Look through the entries below and return all lines including the word "with".

*** RECORDED INFORMATION ***

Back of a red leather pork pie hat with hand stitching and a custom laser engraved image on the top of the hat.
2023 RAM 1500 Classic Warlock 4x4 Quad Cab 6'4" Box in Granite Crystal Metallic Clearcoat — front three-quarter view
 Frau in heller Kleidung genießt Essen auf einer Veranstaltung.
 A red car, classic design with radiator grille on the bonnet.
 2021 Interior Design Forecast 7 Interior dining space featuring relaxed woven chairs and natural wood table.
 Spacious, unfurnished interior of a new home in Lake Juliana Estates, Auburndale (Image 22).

*** End of RECORDED INFORMATION ***

__FINISHED EXERCISE__.
Back of a red leather pork pie hat with hand stitching and a custom laser engraved image on the top of the hat.
 A red car, classic design with radiator grille on the bonnet.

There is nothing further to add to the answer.